What inspired you to begin this project? This project started out being about the strangeness of one of the most basic aspects of being alive: our need to kill and consume other organisms to survive. That's just always felt so improbable and sci-fi to me. I had made a bunch of video and photographic work about it, and I wanted to find a way to bring that work together and also to talk more directly and more personally about the questions involved. That's how this performance came about. I found that after performing the piece a number of times I really wanted to make it more improvisational, to raise the stakes both for me and, hopefully, the audience. That's when I began using this huge stack of index cards with notes I've been jotting down for many years as prompts within the show.
How has the performance changed over time, as the number of notecards continue to grow? It's changed the content of the performance a lot: the project has become less tightly focused on eating and more about the obsessions and recurring themes that come up in the cards. Eating is one of them, but there's also a lot about mortality, language, sense experience, the daily absurdities of late capitalism, and my cat Beverly.
What do you want the audience to take away from the performance?
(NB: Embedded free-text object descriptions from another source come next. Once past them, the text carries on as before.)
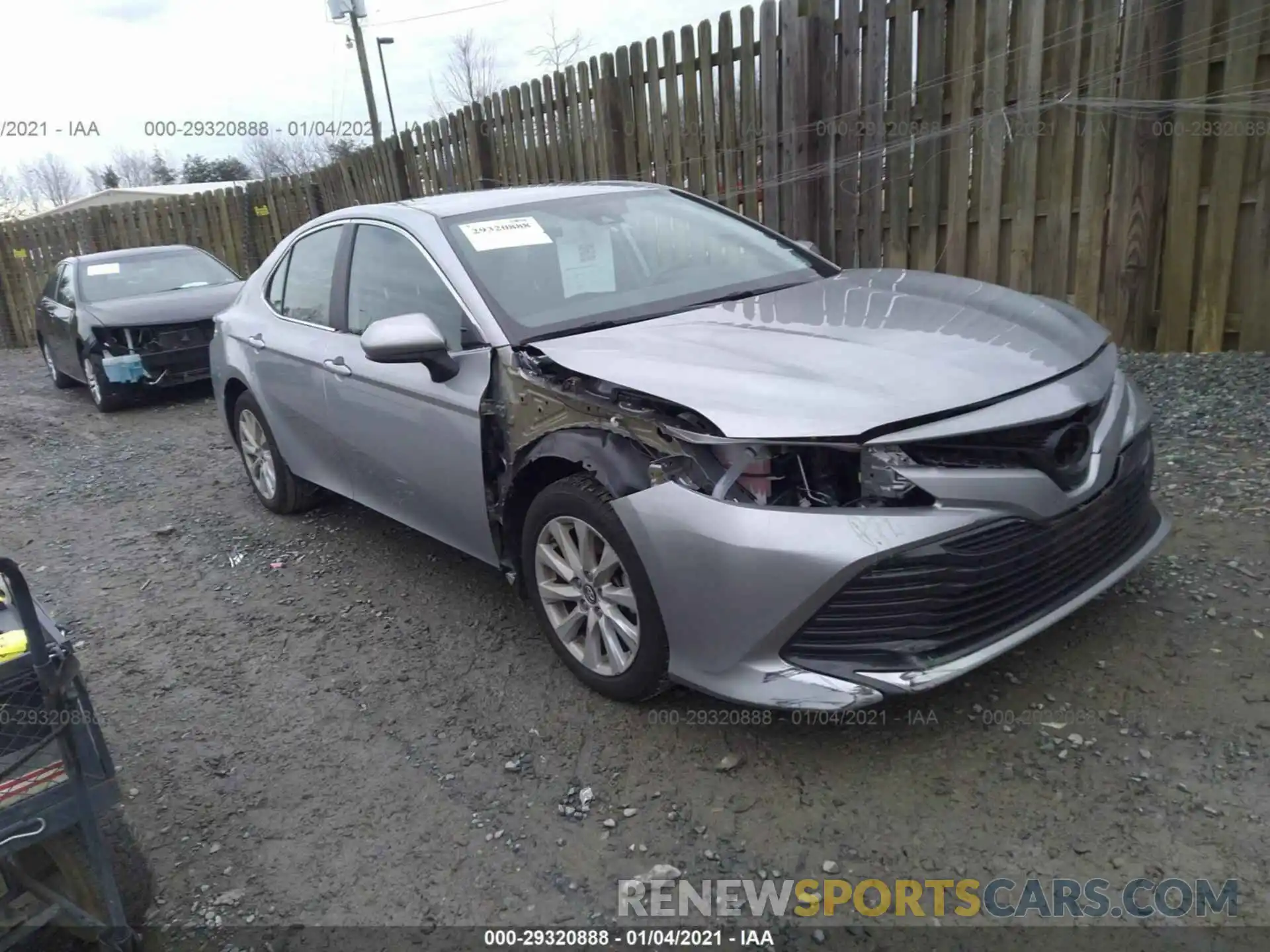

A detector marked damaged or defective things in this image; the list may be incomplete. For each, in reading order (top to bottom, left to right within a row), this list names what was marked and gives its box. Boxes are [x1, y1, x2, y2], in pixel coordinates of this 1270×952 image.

damaged front end [87, 321, 216, 388]
crumpled hood [83, 279, 245, 327]
crumpled hood [530, 269, 1107, 439]
damaged front end [482, 348, 924, 581]
wrecked car front end [487, 340, 1168, 711]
I would be thrilled if the audience left feeling somehow more aware of aspects of their everyday life that typically do not rise to their attention. I love when art does that.
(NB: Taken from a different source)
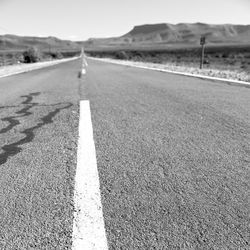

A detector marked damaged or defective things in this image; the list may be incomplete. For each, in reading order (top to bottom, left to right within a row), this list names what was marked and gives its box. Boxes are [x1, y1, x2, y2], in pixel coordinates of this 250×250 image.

cracked asphalt [0, 57, 250, 249]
What's your favorite meal? I'm actually not much of a foodie. If you told me I had to eat a burrito every night, maybe alternated with pizza every now and then, I'd pretty much be ok with that. But lately my husband and I have gotten into using one of those food kit services, where they deliver the ingredients and you chop them up, mix them together, and cook them yourself. The whole thing is wrong in so many ways, but it's made cooking together more pleasurable. We both kind put our ideas of how something should be done aside and collectively yield to the unambiguous instructions. And I have to say the meals are better than anything either of us would ever cook on our own. None of them particularly stand out, but that in itself is kind of a relief.